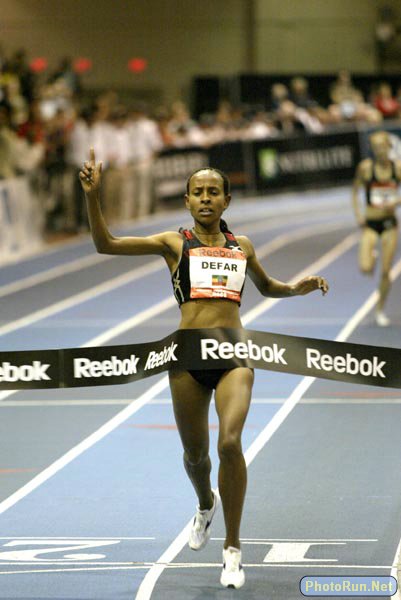 Defar_MeseretFV_RBKboston08.Jpg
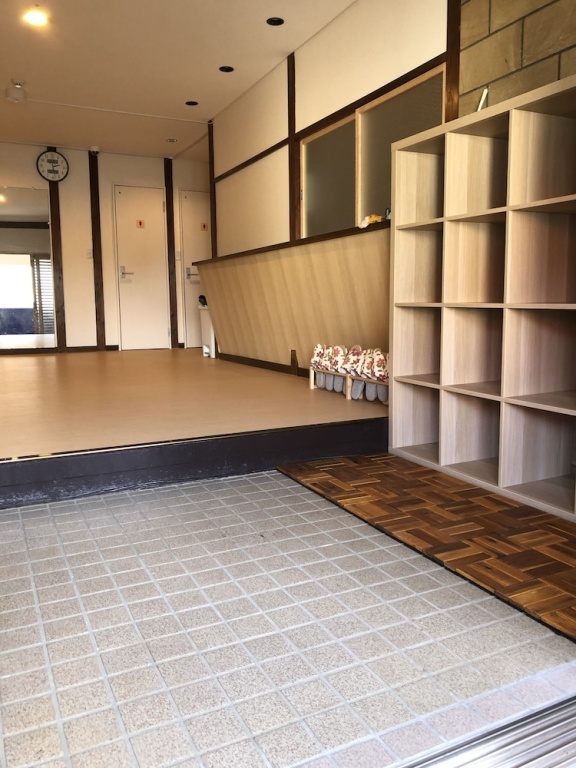 Oyado Zen 사진 17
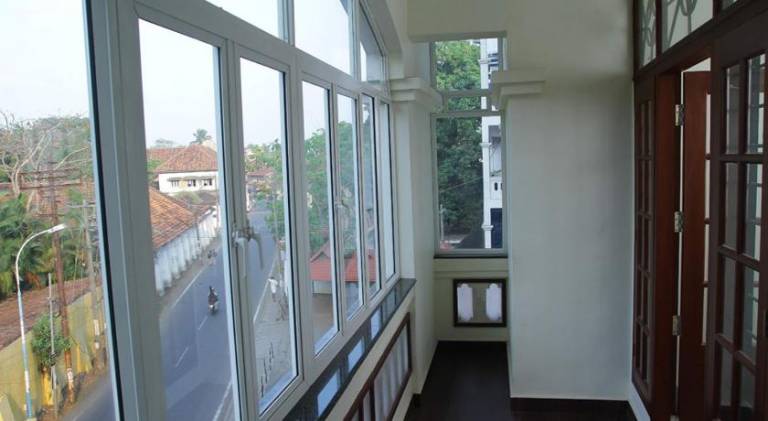 foto18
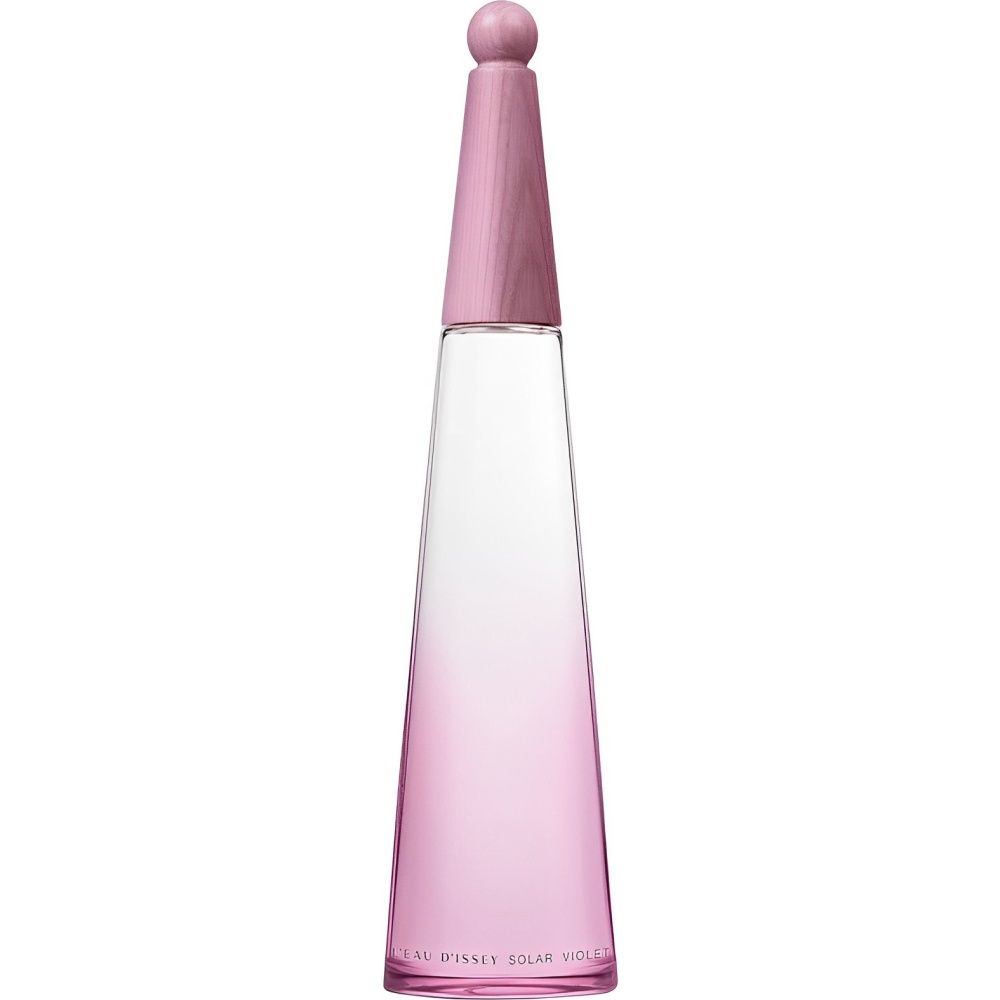Perfume Issey Miyake L'Eau D'Issey Solar Violet Eau de Toilette Intense Feminino 100ML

THE TASK:
When you restate the listing above, give each line word for word but leave out every image.

ANSWER SPACE:
 Defar_MeseretFV_RBKboston08.Jpg
 Oyado Zen 사진 17
 foto18
Perfume Issey Miyake L'Eau D'Issey Solar Violet Eau de Toilette Intense Feminino 100ML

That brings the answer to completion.